Can a single data staging area serve two masters, operational (ODS) and analytic (data warehouse)? Is a single data staging area serving both requirements (operational and analytic) common in the data warehouse industry?

A:

Steve Hoberman’s Answer: This is a great topic for a more detailed discussion but I think to squeeze it down to a single paragraph. If you answer "yes" to these two questions, you can use the same staging area for both the ODS and DW:

  1. Is the currency requirements the same for both ODS and DW? That is, do they need the same freshness level of data (minute, hourly, daily, etc.)?
  2. Is the level of granularity the same for both ODS and DW? The ODS generally needs more detailed data but if you can store the lowest level possible in your stage you’d be in good shape.
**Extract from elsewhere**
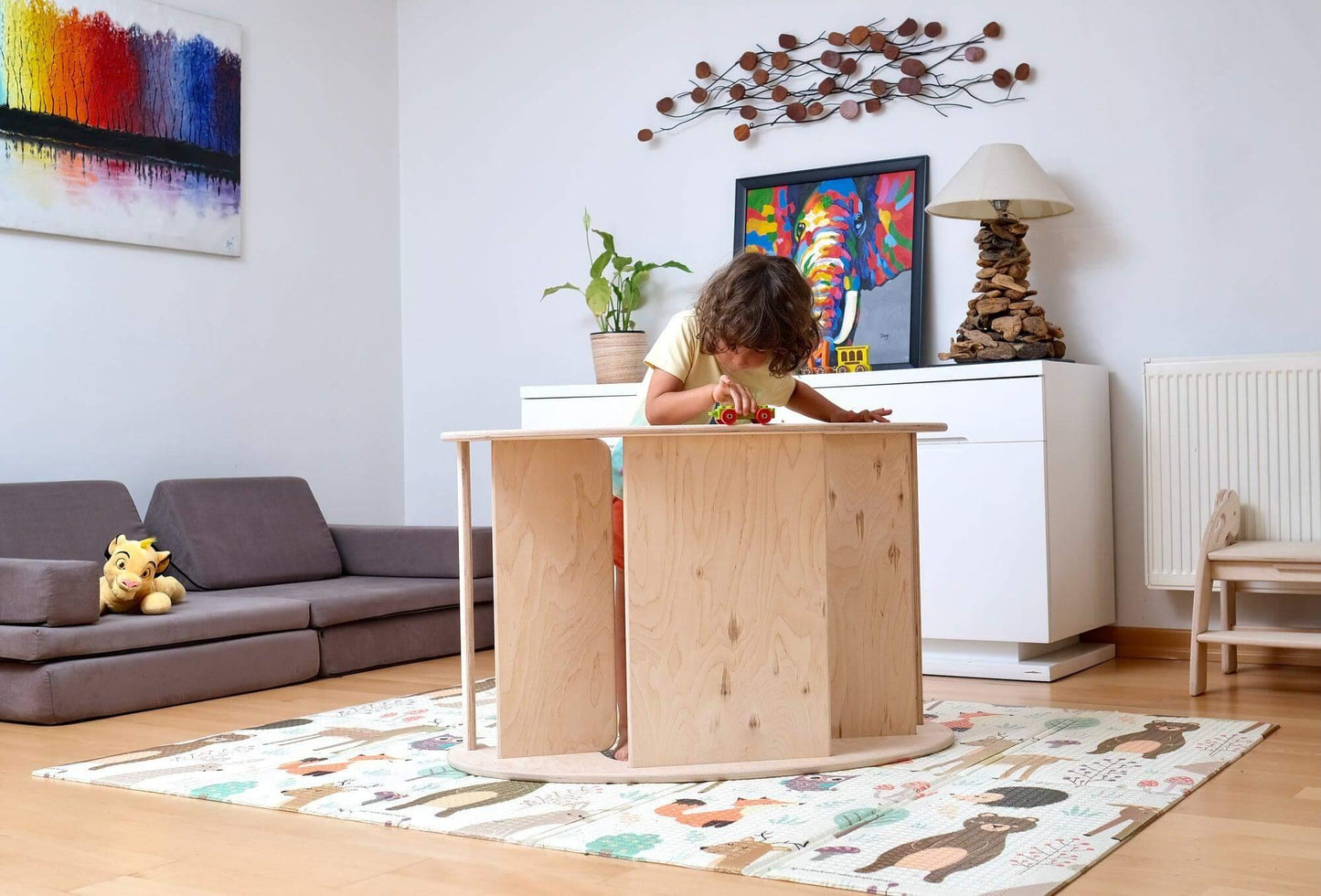KIDS SEESAW | Montessori Wooden Seesaw & Table Chair Set - Disselt Designs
I am making also a few assumptions about your definition of stage, ODS and DW. I am assuming your stage is somewhat integrated and you are assigning surrogate keys here. The ODS is very detailed and normalized and structured to answer tactical questions, and your DW is more strategic and therefore summarized and a flattened reporting view of the world. Good luck!

Chuck Kelley’s Answer: This, of course, will depend on your definition of a staging area. I use staging areas to feed the ODS and the data warehouse. This is because I use the staging area to feed the part of the data warehouse that isn’t fed by the ODS. Therefore, the source systems feed the staging area which feeds the ODS. The data warehouse is fed by the ODS and the staging area. I think it is very common in the data warehouse industry.

Joe Oates’ Answer: In my experience, the answer is no. First, let’s review what the data staging area is.

The data staging area is a system that stands between the legacy systems and the analytics system, usually a data warehouse and sometimes an ODS. The data staging area is considered the "back room" portion of the data warehouse environment. The data staging area is where the extract, transform and load (ETL) takes place and is out of bounds for end users. Some of the functions of the data staging area include:

  • Extracting data from multiple legacy systems
  • Cleansing the data, usually with a specialized tool
  • Integrating data from multiple legacy systems into a single data warehouse
  • Transforming legacy system keys into data warehouse keys, usually surrogate keys
  • Transforming disparate codes for gender, marital status, etc., into the data warehouse standard
  • Transforming the heterogeneous legacy data structures to the data warehouse data structures
  • Loading the various data warehouse tables via automated jobs in a particular sequence through the bulk loader provided with the data warehouse database or a third-party bulk loader

Next let’s review what an ODS is. It should be noted that there are different kinds of ODSs. Bill Inmon describes three different classes of ODS. One of the identifying features of an ODS, according to Inmon, is that it only holds one- to three-months' worth of historical data, not years of historical data like a data warehouse.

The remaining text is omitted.